I set out this week to write a column about how Mayfest failed us for Dillo Day and how all our peer universities get better headliners than us. But to my journalistic chagrin, I found my assumption to be mostly untrue.
College concert commissions at our peer institutions seem to be drawing talent, for the most part, from the same pool. For their annual Summer Breeze music festival, our neighbors at the University of Chicago recruited hip-hop artist Nelly, our 2010 Dillo headliner, and Lunice, the Canadian DJ who fills the penultimate slot in this year’s line-up. Duke University snagged Steve Aoki, last year’s Dillo headliner, for its annual Last Day of Classes concert, along with rap artist Kendrick Lamar, who also played the last act at Brown University’s Spring Weekend this year. So basically, it’s just a big incestuous kiddy pool of B-status rap/hip-hop artists with rock group the Dirty Projectors sprinkled in once in a while.
In general, Dillo holds its own compared to other festivals. At least it’s free, unlike Summer Breeze, which charges a $20 cover for students and a $25 cover for staff. Our acquisition of trending indie rock band Walk The Moon was an impressive feat that has me super-jazzed for the afternoon, rain or shine. A little “Anna Sun,” some nostalgic head-banging to Smash Mouth’s “All-Star” and a pit stop at Cheesie’s Pub & Grub will make me a happy camper. But I feel like it could end there.
What confuses me about Mayfest is not its failure to acquire decent-caliber artists, but its failure to cater to campus taste.
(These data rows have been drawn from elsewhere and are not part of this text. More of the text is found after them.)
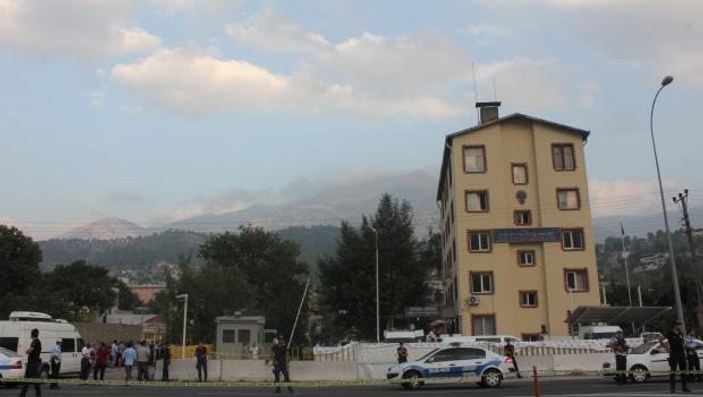 Adana'da 2 polisi şehit eden teröristler aranıyordu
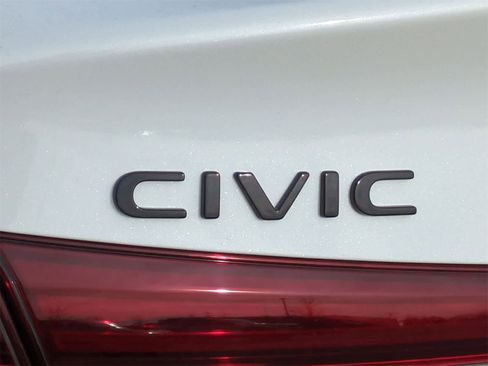 New 2026 Honda Civic Sport image 17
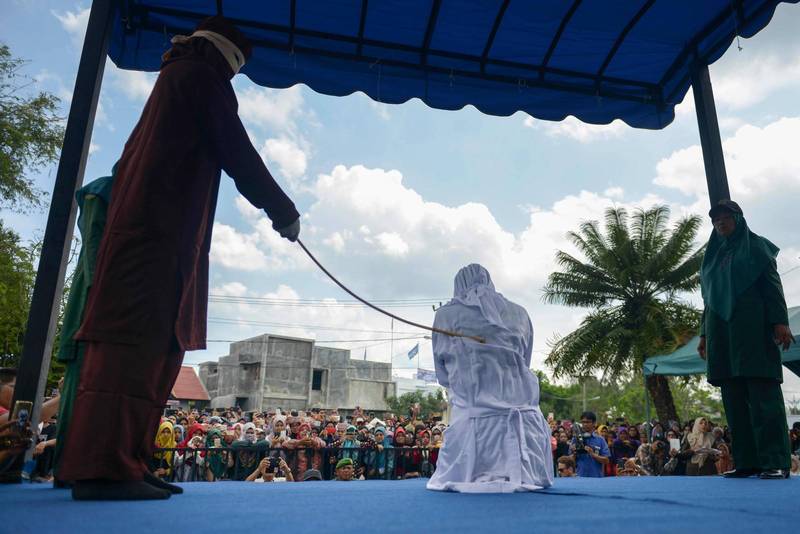 印尼亞齊省首府班達亞齊2018年4月公開執行鞭刑。照片中人物與此新聞無關。（法新社檔案照）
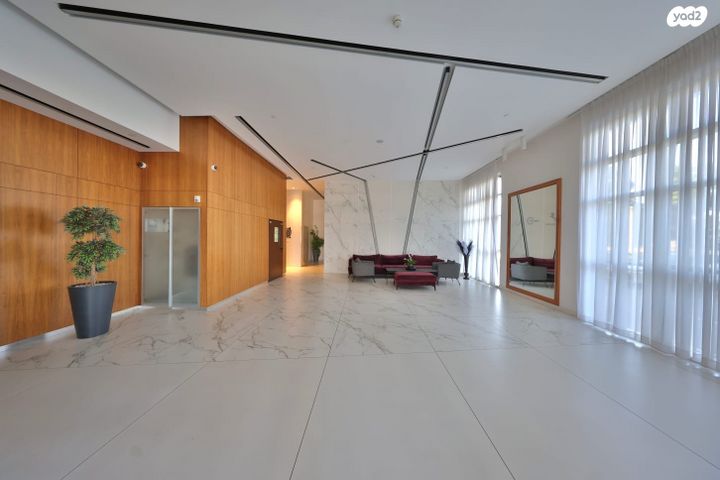 גג/ פנטהאוז, ש"י עגנון, משכנות האומנים, קרית מוצקין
Perhaps I run in crowds that are not representative of the undergraduate student body, but no one I have talked to is excited about Danny Brown or Lunice. With the $176,300 Associated Student Government allotted Mayfest for the 2012-13 school year, I don’t expect anything more high-profile than the current selection. I do, however, expect a greater concentration of artists within the genres we actually listen to. In the fall, when A&O Productions put up the big pieces of paper for suggesting guest artists, I remember seeing names such as “Of Monsters and Men,” “Young the Giant” and “Mumford & Sons.” Most conversations I have about music tend toward the rock/pop/indie/folk genre rather than the rap/hip-hop genre. That said, there are more than 8,000 undergraduates at this school and I’ve spoken with maybe 200 of them, 90 percent of whom live on South Campus. So if Mayfest officials are having trouble pinning down our music taste, I can’t exactly blame them.
Still, I can’t help but seethe with envy when I read the artists acquired by Cornell University’s concert commission the past two years, including but not limited to: Jeff Mangum (Neutral Milk Hotel), Cat Power, Motion City Soundtrack, Janelle Monae and Andrew Bird. And Washington University in St. Louis got Macklemore. Think about that for a minute.
Point being — we shouldn’t have to Google or YouTube every Dillo band that gets announced because we’ve never heard of them. We should be doing a better job of gauging and accounting for campus taste and getting students the artists that are on their iPods, not just the random dubstep they’ve heard at The Keg.